ロア・インターナショナルが日本の代理店として販売を開始したmyAir.0のポータブルマウス「OriMouse」は、厚さ5mmの薄型設計を実現している。従来、マウスはノートPCと比べて厚みがあるため、あると便利だが持ち運びがちょっと面倒だという認識があった。そのためマウスの持ち運びを諦めて、トラックパッドのみで操作を行っていたユーザーは少なくないだろう。そうした中でOriMouseは、圧倒的な携帯のしやすさで、ポータブルマウスの常識を覆す画期的なガジェットとなっている。 text by 森村恵一

折り紙構造の採用で薄型を実現

 ロア・インターナショナルが日本の代理店として販売するmyAir.0の「OriMouse」は、マウスを平べったくして持ち運べる新開発のポータブルマウスだ。厚さ5mmしかない本体は横から見ると薄い板のようで、先端に移動を検知するセンサーが付いているだけのシンプルな構造になっている。薄型設計でもマウスとして使える秘密は、折り紙から着想を得た組み立て式の「折り紙構造」を採用した本体にある。

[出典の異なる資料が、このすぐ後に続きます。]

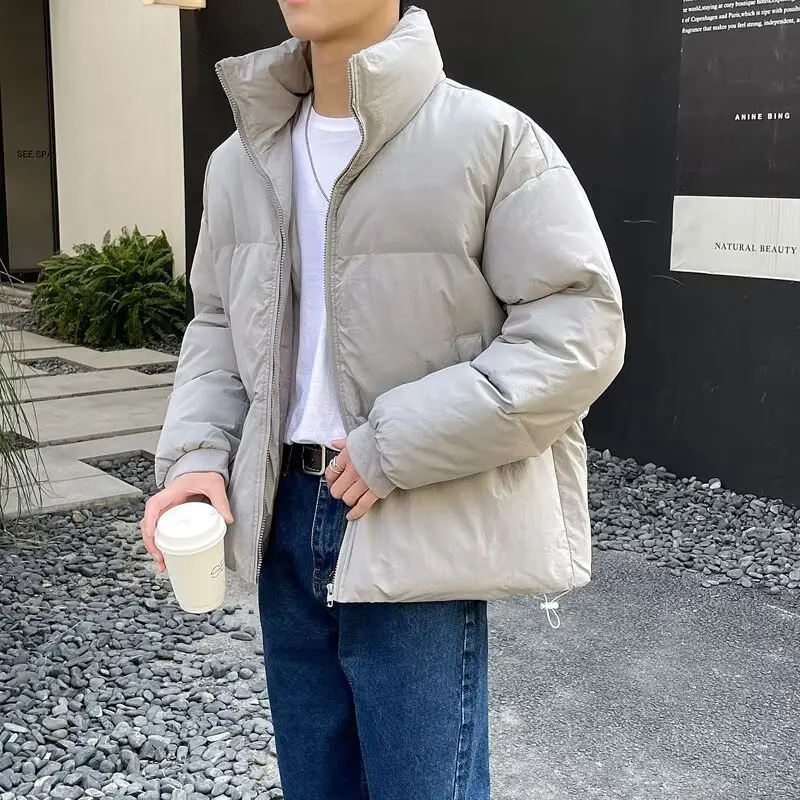 Теплая куртка-бомбер для мужчин на осень-зиму, повседневная, приталенная, с наполнителем из полиэфирного волокна, молодежный тренд
Теплая куртка-бомбер для мужчин на осень-зиму, повседневная, приталенная, с наполнителем из полиэфирного волокна, молодежный тренд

本体上部から見える銀色のマグネットに本体左のパーツをくっつけると、立体的なマウスの形になるのだ。組み立てたマウスのホールド感はかなりしっかりしている。そして通常のマウスと同じように、左右のクリックボタンもある。左右のクリックボタンの中間には動きを検知するセンサーがあり、指をスライドさせるとスクロールに利用可能だ。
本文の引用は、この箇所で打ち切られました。